L'article de vôtre Lettre du 10, concernant un Intendant, m'étonne autant qu'il m'afflige.
Je crois qu'il sera bon dans l'occasion de lui faire parler fortement en vôtre faveur, sans paraître instruit de ce que vous me mandez. Il m'était venu voir à Ferney, et j'en avais été très content. Je me flatte encor qu'il ne sera pas difficile de la ramener.

Sirven et une de ses filles sont tout prêts à faire le voiage de Paris dès qu'on les mandera. Il sera très convenable, qu'ils soient logés modestement à portée de leur avocat au conseil. Je ne connais point mr Cassen; j'étais fort content de Mr Mariette, et je vous prie instamment de le lui dire, mais il faut laisser faire Mr de Beaumont et ne le pas décourager. Il est actif, sa gloire est intéressée au succez; il est ami de Mr Cassen; il fait encor travailler mr Target qu'on dit qui est un excellent avocat, qui doit donner un factum en faveur des filles Sirven.

Je vous demande deux grâces, mon cher ami, c'est de voir Mariette pour le consoler, et Target et Cassen pour les remercier. J'ai très bonne opinion du procez. Je suis persuadé que les maîtres des requêtes mettront ce dernier fleuron à leur couronne civique. Mr de Beaumont croit m'aprendre qu'il a obtenu pour raporteur mr De Chardon; et il y a près d'un mois que Mr De Chardon m'a mandé qu'il était raporteur. Il parait prendre l'affaire des Sirven à cœur autant que nous mêmes. Il m'a fait l'honneur de m'envoier un mémoire sur L'île de Ste Lucie, dont il a été Intendant; ce mémoire m'a paru un chef d'œuvre. J'ai été d'autant plus touché de cette marque de confiance, qu'elle me fait espérer qu'il aura quelque envie de s'attirer dans l'affaire des Sirven les aplaudissements des âmes qui sont sensibles au mérite.

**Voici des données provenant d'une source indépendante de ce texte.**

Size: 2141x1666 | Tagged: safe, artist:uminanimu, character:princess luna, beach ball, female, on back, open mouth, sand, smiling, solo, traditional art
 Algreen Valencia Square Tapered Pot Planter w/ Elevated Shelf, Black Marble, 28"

Nous avons reçu maman et moi le Bélisaire. Nous nous sommes jettés par un heureux instinct sur le chapitre de la Tolérance qui est le chapitre 15. Il nous a enlevés. Si tout le reste est de cette force l'ouvrage aura le succez le plus durable. Vous me ferez plaisir d'acheter pour moi un éxemplaire de mes sottises chez Merlin, qui sera à compte des cent pistoles qu'il me doit; de le bien faire relier, et de le faire présenter de ma part à Mr de Marmontel.

Je compte que vous aurez les Scythes incessamment. Voicy un petit mot pour lui, et l'autre pour mr de Beaumont. Pardon, mon très cher ami, de toutes les peines que je vous donne. E. L.